WHAT YOU NEED TO DO: Exclude all pictures. Then restate, word for word, the entries from the first line through the line that contains "For the Library".

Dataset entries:
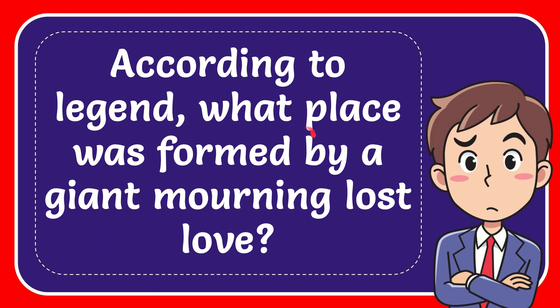In this video I'm going to give you the answer for this question. The question is, according to legend, what place was formed by a giant mourning lost love?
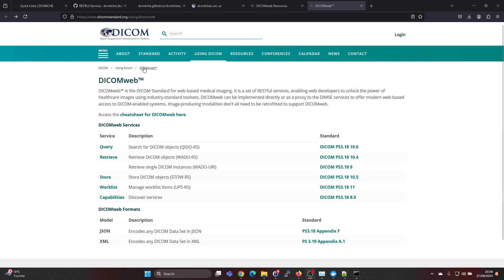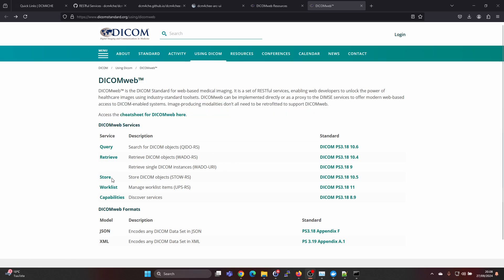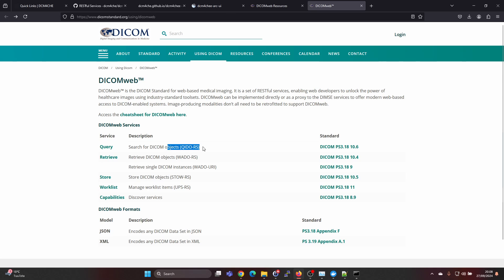Here on the DicomStandard page we can see that DicomWeb is the DicomStandard for web-based medical imaging. So it's a set of RESTful services which allows you to query for studies. This is called QidoRS for searching for studies.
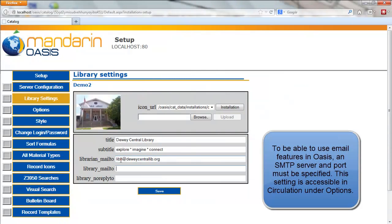For the Library Mail To, type the email address that will appear in the From field in notification emails sent by the library through circulation functions.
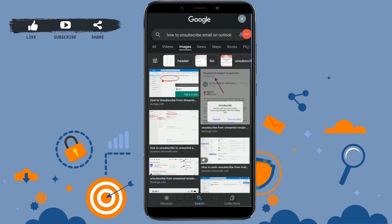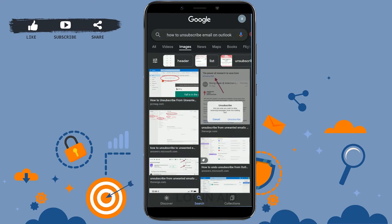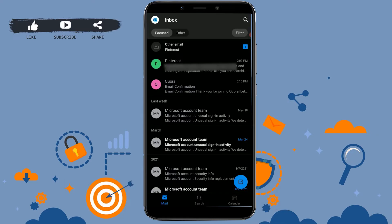Hello everyone, welcome back to the Login Aid channel. Today I will show you how to unsubscribe from emails on Outlook. First, you open the Outlook application.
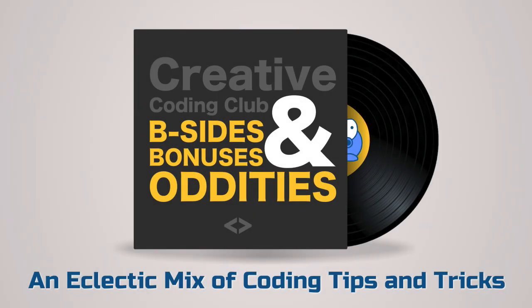Want to play around with the demos used in this video, including the Ease Visualizer? Check out my Creative Coding Club B-Sides, Bonuses, and Oddities mini course. It's an eclectic mix of coding tips and tricks you're not going to find anywhere else. It's exclusive to my Creative Coding Club subscribers. For more information, check out the description below.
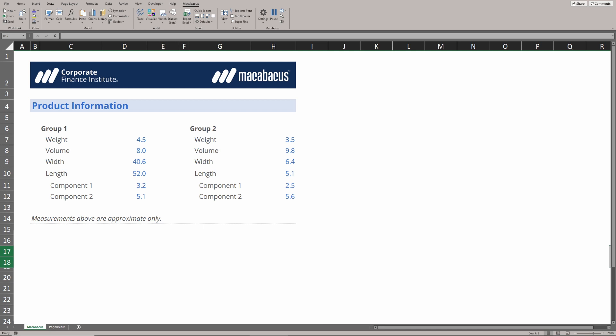The difference with the way these work in Macabacus is we have more control over the increments by which we're zooming in and out. Let's take a look at where those settings live.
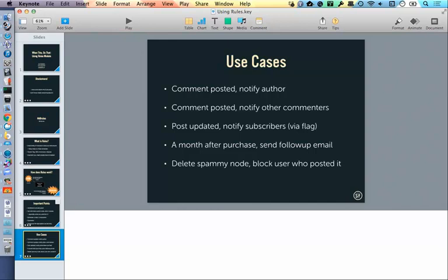Those are the slides. I was thinking we could actually take a look at the UI and how some of these things are built — I have some pre-built already. But let me stop here and see if there are any questions, or if there's a particular rule you'd like to see put together right now.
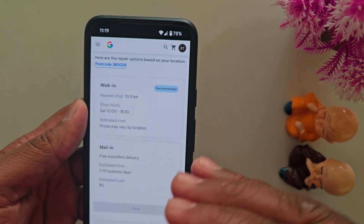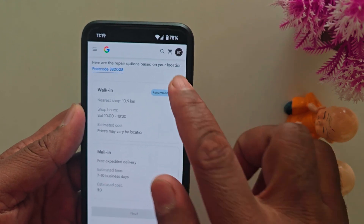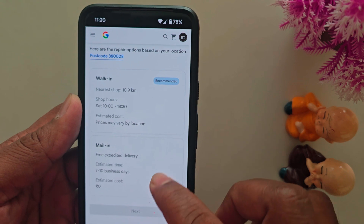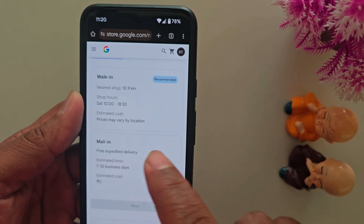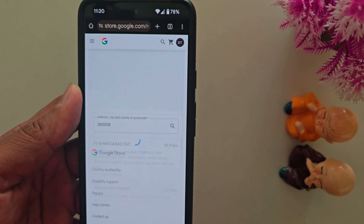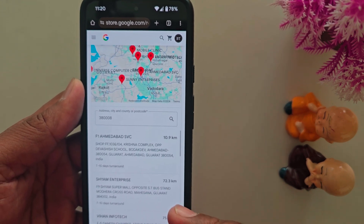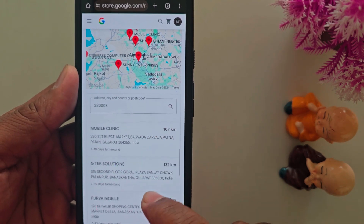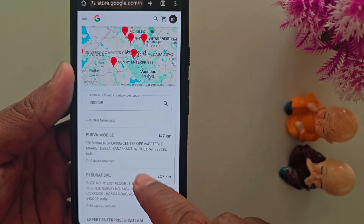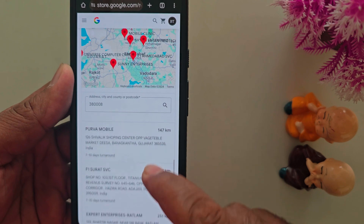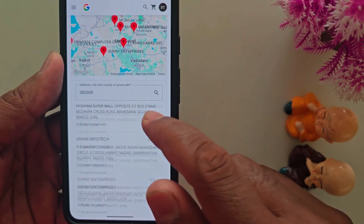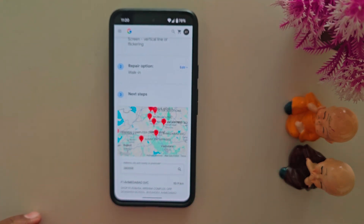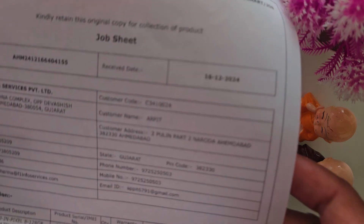Now here you can find the list of all Google extended warranty program service centers that will be helpful. Here you need to find your city address and contact them to check about the Google Pixel warranty issue for green screen. Select the address you want to use. When you select this address, you can find the receive form and drop sheet number.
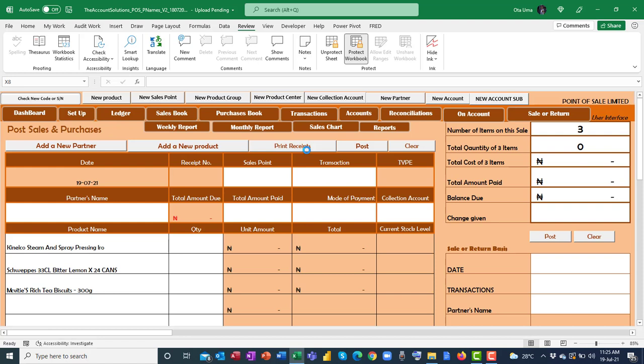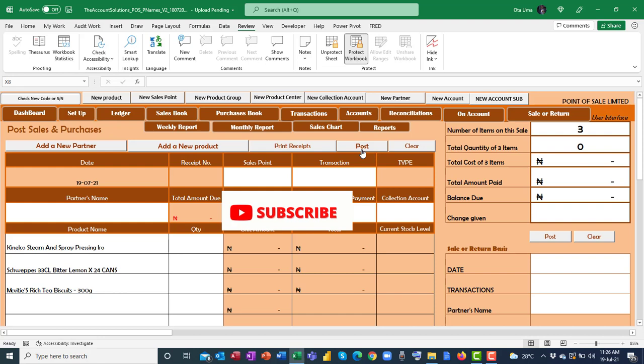For full details on how to use the template and its functionalities, the video link is below this video. You can print your receipt and post transactions to your database. If you need this template, send us an email — the address is below this video — and we'll send you the practice files so you can try it out and see if it meets your needs for managing your small retail shop or store. Thank you very much for watching.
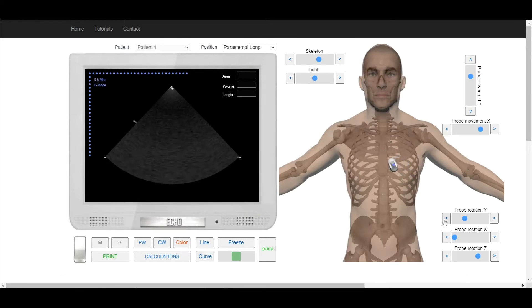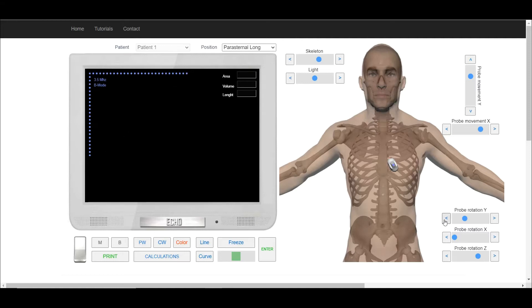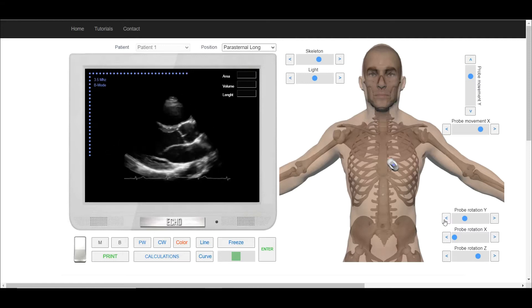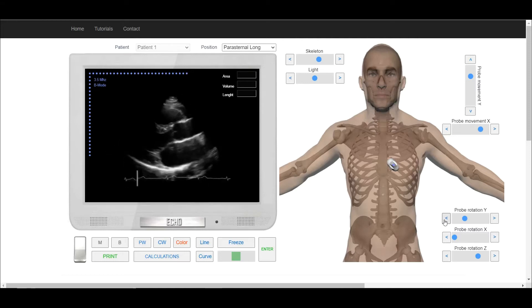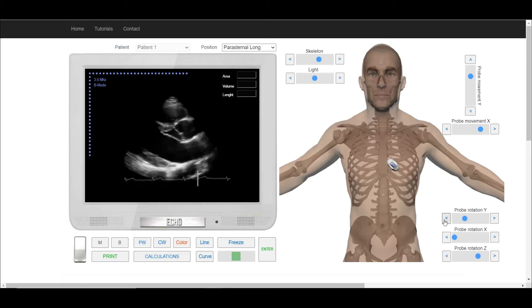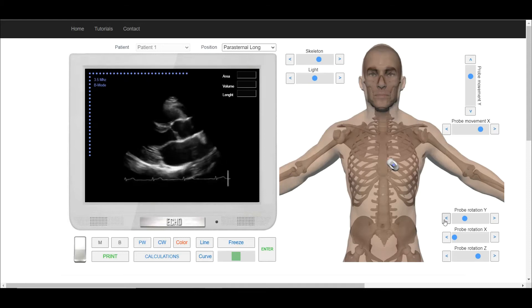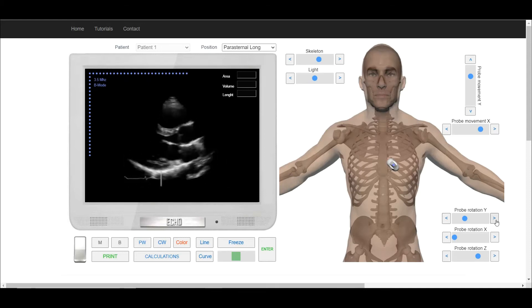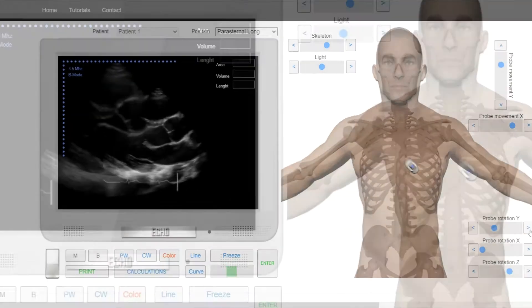To obtain the long axis of the left ventricle, the red marker of the transducer points somewhat towards the right shoulder. The exact orientation depends on the axis of the patient's heart.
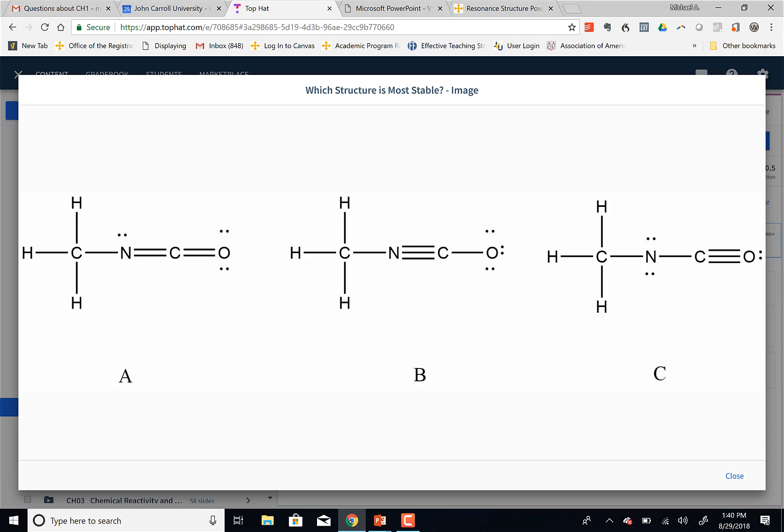In structure B, the nitrogen on the end of the triple bond has a plus one charge — it's got four electrons but came with five, so it lost one. The carbon is zero — came with four, owns four. The oxygen is minus one — it now has six electrons it owns but is sharing, giving it an extra electron. In structure C, the nitrogen is minus one and the oxygen is plus one.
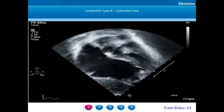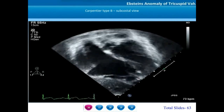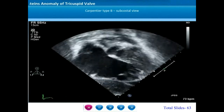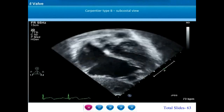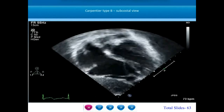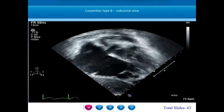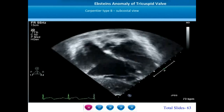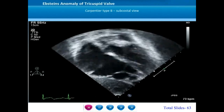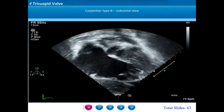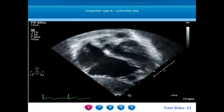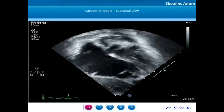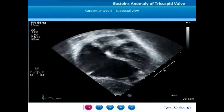On a subcostal coronal sweep, we can appreciate a Carpentier type B Epstein's anomaly. There is a displacement of the septal tricuspid leaflet, and the anterior tricuspid leaflet is also displaced apically. The displacement of leaflets in Epstein's anomaly is most marked in the septal tricuspid leaflet, less marked in the posterior tricuspid leaflet, and very occasionally in the anterior tricuspid leaflet. There is a significant portion of the atrialized right ventricle, and the true right AV valve annulus is also dilated.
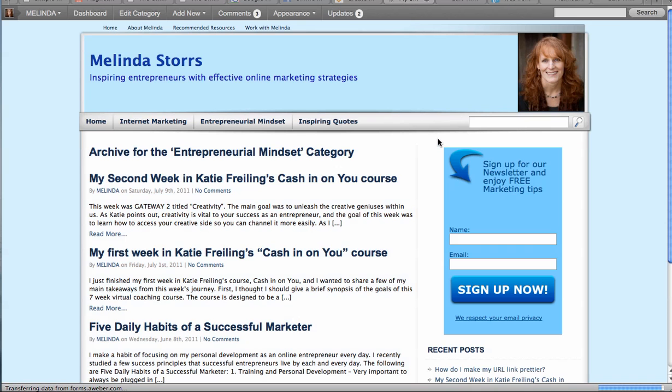See, as somebody is coming to the site, you can see that that popped up, and it gave them another chance to think about signing up for the newsletter.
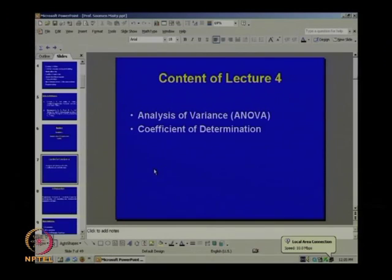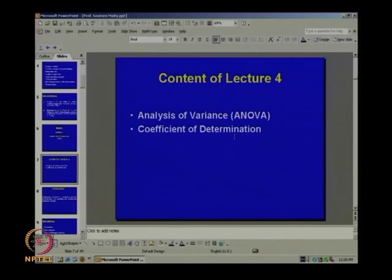In the last lecture, we tested the hypothesis H₀: β₁ = 0 against the alternative hypothesis that β₁ ≠ 0, and we used the test statistic t to test this hypothesis. Another way to approach this problem is the analysis of variance. Today we will basically be talking about ANOVA — analysis of variance — and also the coefficient of determination.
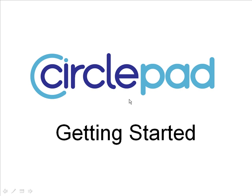Hello, welcome to CirclePad starting tutorial, getting started with CirclePad.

EXERCISE SOLUTION:
In this video I'm going to give you the answer for this question. The question is, according to legend, what place was formed by a giant mourning lost love?
Here on the DicomStandard page we can see that DicomWeb is the DicomStandard for web-based medical imaging. So it's a set of RESTful services which allows you to query for studies. This is called QidoRS for searching for studies.
For the Library Mail To, type the email address that will appear in the From field in notification emails sent by the library through circulation functions.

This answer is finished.